Items from a data source:
..............................
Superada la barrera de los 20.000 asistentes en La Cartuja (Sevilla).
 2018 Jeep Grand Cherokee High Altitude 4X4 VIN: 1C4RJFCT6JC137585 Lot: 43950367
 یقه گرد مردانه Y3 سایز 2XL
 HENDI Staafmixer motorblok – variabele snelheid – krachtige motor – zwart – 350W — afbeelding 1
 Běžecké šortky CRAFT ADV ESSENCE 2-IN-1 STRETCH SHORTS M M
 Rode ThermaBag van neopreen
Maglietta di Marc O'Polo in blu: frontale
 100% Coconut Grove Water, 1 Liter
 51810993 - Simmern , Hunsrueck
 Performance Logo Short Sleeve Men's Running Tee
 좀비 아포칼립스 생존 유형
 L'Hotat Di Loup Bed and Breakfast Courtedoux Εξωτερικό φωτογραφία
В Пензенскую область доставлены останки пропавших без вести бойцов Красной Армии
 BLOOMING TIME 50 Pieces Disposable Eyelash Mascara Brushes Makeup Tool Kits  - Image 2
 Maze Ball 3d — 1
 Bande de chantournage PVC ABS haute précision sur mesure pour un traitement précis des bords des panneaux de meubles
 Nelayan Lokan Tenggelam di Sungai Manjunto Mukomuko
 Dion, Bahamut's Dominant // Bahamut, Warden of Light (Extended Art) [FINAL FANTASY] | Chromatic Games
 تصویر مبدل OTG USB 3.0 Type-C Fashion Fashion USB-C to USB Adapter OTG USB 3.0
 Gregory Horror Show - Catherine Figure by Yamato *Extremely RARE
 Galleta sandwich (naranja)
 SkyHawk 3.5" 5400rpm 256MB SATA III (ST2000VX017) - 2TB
..............................
## REQUIRED WORK
What is needed is a verbatim copy of every line in the records above from the one containing "2018 Jeep Grand" down to the one containing "좀비 아포칼립스 생존 유형", both included, and nothing more.

## SOLUTION
 2018 Jeep Grand Cherokee High Altitude 4X4 VIN: 1C4RJFCT6JC137585 Lot: 43950367
 یقه گرد مردانه Y3 سایز 2XL
 HENDI Staafmixer motorblok – variabele snelheid – krachtige motor – zwart – 350W — afbeelding 1
 Běžecké šortky CRAFT ADV ESSENCE 2-IN-1 STRETCH SHORTS M M
 Rode ThermaBag van neopreen
Maglietta di Marc O'Polo in blu: frontale
 100% Coconut Grove Water, 1 Liter
 51810993 - Simmern , Hunsrueck
 Performance Logo Short Sleeve Men's Running Tee
 좀비 아포칼립스 생존 유형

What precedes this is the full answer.